If you do try a low oxalate diet, please know that it is a recovery of months and years, not days. I saw some relief in my vulvar pain symptoms within a few weeks, but most of my healing happened slowly over about six years. Also, please get the most up-to-date information on oxalates. A lot of info on the web is out-of-date. The Vulvar Pain Foundation is a good source of information as is the Autism Research Institute's Oxalate Project (and the Trying Low Oxalates Yahoo Group). My blog (http://LowOxalateFamily.wordpress.com) has links to these sites and to others in the FAQ page if you wish to read more about oxalates and the low oxalate diet. - H
Trials of Flu Vaccine Effect on FM & Omega-3 for Pain in Tel Aviv
Tel-Aviv Sourasky Medical Center will be recruiting fibromyalgia patients for a trial of influenza vaccination effects/effectiveness in 2012(ClinicalTrials.gov # NCT01465477). In a similar previous trial, these investigators established that influenza vaccination is safe and effective for rheumatoid arthritis patients.
They will also be recruiting for a large study (300 subjects) of Omega-3 PUFA levels in fibromyalgia patients vs healthy controls and Lupus patients (ClinicalTrials.gov # NCT01460680). They will see if they can link PUFA levels to severity of physical symptoms (e.g., pain) and mental symptoms (e.g., depression). They previously established an association between low omega-3 PUFA levels & Lupus.

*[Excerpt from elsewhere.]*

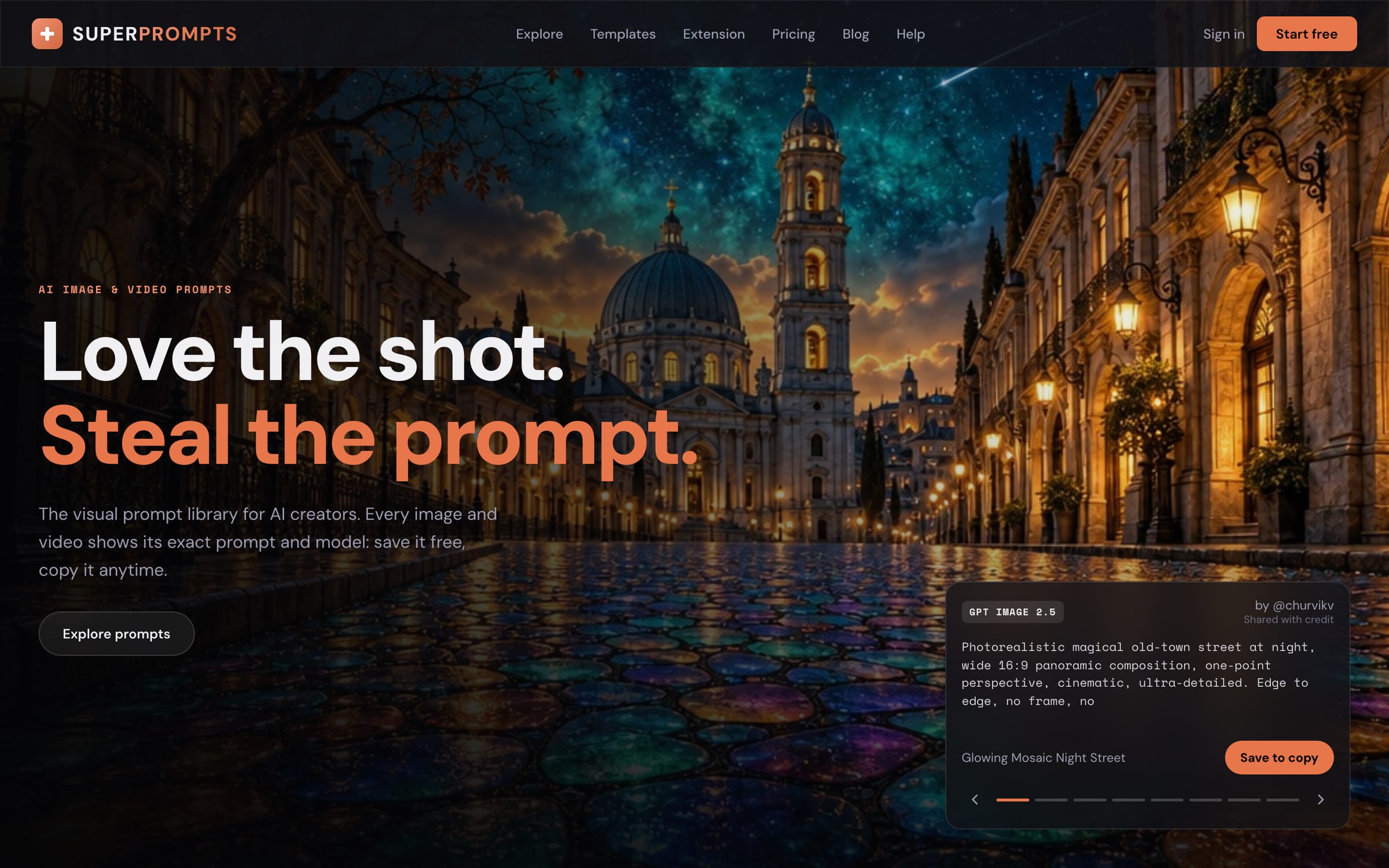 Super Prompts home page: a video with its prompt, model and creator credit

Prescription Hope May Help Low-Income with Low Cost Meds
Prescription Hope offers a way for patients with financial hardship to obtain low-cost prescription medications. Following is a description of the program we found on www.LymeDisease.org’s “Touched by Lyme” blog:
“More than 180 drug companies offer patient assistance programs, which offer free or low-cost drugs to people who can’t pay for them, including many of the drugs commonly prescribed for Lyme patients. But all these companies have different rules and paperwork requirements. Tracking them down and dealing with complex application forms can be beyond the capability of a person who is extremely ill (or their beleaguered caregiver). It’s been reported that only 3% of the patients who apply on their own to these programs ever receive benefits.” [This program, if you earn $30K or less single, or $50K married can help. Allows Medicare but not Medicaid participation.]
Note: This information has not been evaluated by the FDA. It is generic and anecdotal and is not meant to prevent, diagnose, treat or cure any illness, condition or disease. It is very important that you make no change in your healthcare plan or health support regimen without researching and discussing it in collaboration with your professional healthcare team.